CHARLOTTE, NC (WBTV) - The nation's eyes are still fixated on the broken pipe at the bottom of the Gulf of Mexico.
Tuesday night, the President of the United States will address the country. He'll tell us about the latest efforts to contain the oil spill.
It's still spewing and no end in sight. And there's an increasing chance that slick could creep up to the Carolina coast.
North Carolina has an emergency plan in place, but just how ready are we?
Governor Perdue is asking state officials to update the state's oil recovery plan and do it quickly - by next Monday.
If a picture is worth 1,000 words, the images from the Gulf say it all. Some fear could wind up here.
Says one Gulf coast resident, "Every day it gets worse. It's never ending."
A computer model by the National Center for Atmospheric Research shows that oil leaking from the well could enter the ocean currents and reach the Carolina shores.

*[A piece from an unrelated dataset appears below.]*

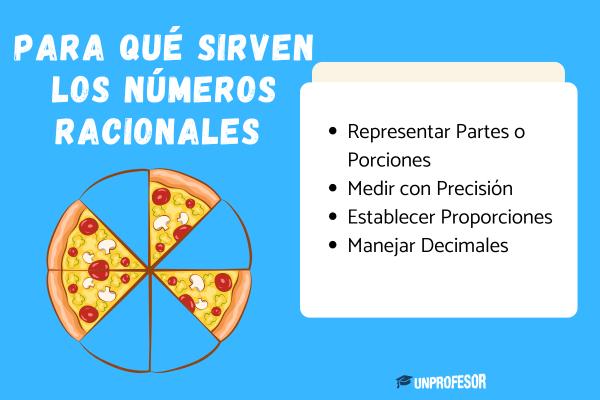 Para qué sirven los NÚMEROS racionales - con ejemplos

Researchers say oil could threaten East Coast beaches (we might see tar balls here) by early next month. But they caution the models are not a forecast.
"If the loop current does catch hold of the spill then North Carolina is prepared to deal with whatever comes our way," says Gov. Perdue on Tuesday.
Perdue ordered the State Emergency Response Team to update its oil recovery plan by June 21st.
The 50-page protocol is part of a larger 600 page Emergency Operations Plan the state has to deal with any disaster. The oil recovery documents were created after the Exxon Valdez oil spill in Alaska 21 years ago.
It's updated annually, but is being rushed this year just in case this should it hit here.
"Drill baby drill" was the rally cry two years ago when gas surged to four dollars a gallon. It prompted cries for America to begin drilling offshore in areas that have been off-limits - like the Carolinas.
But a poll conducted by Elon University at about the time the Gulf disaster was breaking found two out of three North Carolinians still support drilling for oil and gas off our coast.
That's an opinion reflected on the streets of Charlotte. "It's less about whether or not we should drill and more about the responsibilities that those that are doing the drilling to ensure that they are protecting our environment really," says Jose Borbor of Charlotte.
Governor Perdue says she isn't completely opposed to drilling off the North Carolina coast. If it's done - she wants to make sure it's safe. Safe meaning that if there is a spill there's a plan in place to keep the oil from reaching the shore. Right now there's a federal moratorium on any new offshore oil drilling.